▶ ASSIGNMENT:
Repeat the records. Leave nothing out.

Dataset records:
+---+

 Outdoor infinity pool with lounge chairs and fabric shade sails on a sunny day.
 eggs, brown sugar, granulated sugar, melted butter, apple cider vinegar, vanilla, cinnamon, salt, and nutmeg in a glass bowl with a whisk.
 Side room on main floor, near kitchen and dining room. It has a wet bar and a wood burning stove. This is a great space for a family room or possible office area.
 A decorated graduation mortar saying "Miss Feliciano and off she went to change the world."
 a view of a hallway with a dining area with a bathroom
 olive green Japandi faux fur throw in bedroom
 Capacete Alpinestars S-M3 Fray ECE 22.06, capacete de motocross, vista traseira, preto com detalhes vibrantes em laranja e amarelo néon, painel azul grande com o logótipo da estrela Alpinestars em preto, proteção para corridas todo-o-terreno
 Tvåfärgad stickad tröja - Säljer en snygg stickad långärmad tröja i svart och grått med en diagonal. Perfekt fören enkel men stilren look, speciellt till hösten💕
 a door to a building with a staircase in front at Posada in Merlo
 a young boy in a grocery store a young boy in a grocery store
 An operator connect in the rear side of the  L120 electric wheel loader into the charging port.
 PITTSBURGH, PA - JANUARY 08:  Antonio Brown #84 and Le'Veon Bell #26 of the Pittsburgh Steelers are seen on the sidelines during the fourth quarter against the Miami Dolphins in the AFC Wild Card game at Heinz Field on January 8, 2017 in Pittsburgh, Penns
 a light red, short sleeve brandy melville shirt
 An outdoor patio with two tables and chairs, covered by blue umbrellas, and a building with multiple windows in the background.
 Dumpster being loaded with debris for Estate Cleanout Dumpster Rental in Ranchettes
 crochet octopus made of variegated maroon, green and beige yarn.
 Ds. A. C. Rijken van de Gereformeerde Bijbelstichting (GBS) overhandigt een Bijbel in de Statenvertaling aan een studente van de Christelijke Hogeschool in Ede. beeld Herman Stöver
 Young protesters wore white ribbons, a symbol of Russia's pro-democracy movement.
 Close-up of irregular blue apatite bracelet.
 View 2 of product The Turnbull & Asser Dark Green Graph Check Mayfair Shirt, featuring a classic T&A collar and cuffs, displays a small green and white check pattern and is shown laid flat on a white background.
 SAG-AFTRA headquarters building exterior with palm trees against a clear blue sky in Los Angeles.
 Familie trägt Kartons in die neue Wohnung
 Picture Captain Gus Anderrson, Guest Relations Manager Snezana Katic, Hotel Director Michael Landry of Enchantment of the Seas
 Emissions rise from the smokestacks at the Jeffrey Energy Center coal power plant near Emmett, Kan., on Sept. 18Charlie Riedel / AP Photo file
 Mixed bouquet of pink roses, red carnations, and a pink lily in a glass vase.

+---+

▶ SOLUTION:
 Outdoor infinity pool with lounge chairs and fabric shade sails on a sunny day.
 eggs, brown sugar, granulated sugar, melted butter, apple cider vinegar, vanilla, cinnamon, salt, and nutmeg in a glass bowl with a whisk.
 Side room on main floor, near kitchen and dining room. It has a wet bar and a wood burning stove. This is a great space for a family room or possible office area.
 A decorated graduation mortar saying "Miss Feliciano and off she went to change the world."
 a view of a hallway with a dining area with a bathroom
 olive green Japandi faux fur throw in bedroom
 Capacete Alpinestars S-M3 Fray ECE 22.06, capacete de motocross, vista traseira, preto com detalhes vibrantes em laranja e amarelo néon, painel azul grande com o logótipo da estrela Alpinestars em preto, proteção para corridas todo-o-terreno
 Tvåfärgad stickad tröja - Säljer en snygg stickad långärmad tröja i svart och grått med en diagonal. Perfekt fören enkel men stilren look, speciellt till hösten💕
 a door to a building with a staircase in front at Posada in Merlo
 a young boy in a grocery store a young boy in a grocery store
 An operator connect in the rear side of the  L120 electric wheel loader into the charging port.
 PITTSBURGH, PA - JANUARY 08:  Antonio Brown #84 and Le'Veon Bell #26 of the Pittsburgh Steelers are seen on the sidelines during the fourth quarter against the Miami Dolphins in the AFC Wild Card game at Heinz Field on January 8, 2017 in Pittsburgh, Penns
 a light red, short sleeve brandy melville shirt
 An outdoor patio with two tables and chairs, covered by blue umbrellas, and a building with multiple windows in the background.
 Dumpster being loaded with debris for Estate Cleanout Dumpster Rental in Ranchettes
 crochet octopus made of variegated maroon, green and beige yarn.
 Ds. A. C. Rijken van de Gereformeerde Bijbelstichting (GBS) overhandigt een Bijbel in de Statenvertaling aan een studente van de Christelijke Hogeschool in Ede. beeld Herman Stöver
 Young protesters wore white ribbons, a symbol of Russia's pro-democracy movement.
 Close-up of irregular blue apatite bracelet.
 View 2 of product The Turnbull & Asser Dark Green Graph Check Mayfair Shirt, featuring a classic T&A collar and cuffs, displays a small green and white check pattern and is shown laid flat on a white background.
 SAG-AFTRA headquarters building exterior with palm trees against a clear blue sky in Los Angeles.
 Familie trägt Kartons in die neue Wohnung
 Picture Captain Gus Anderrson, Guest Relations Manager Snezana Katic, Hotel Director Michael Landry of Enchantment of the Seas
 Emissions rise from the smokestacks at the Jeffrey Energy Center coal power plant near Emmett, Kan., on Sept. 18Charlie Riedel / AP Photo file
 Mixed bouquet of pink roses, red carnations, and a pink lily in a glass vase.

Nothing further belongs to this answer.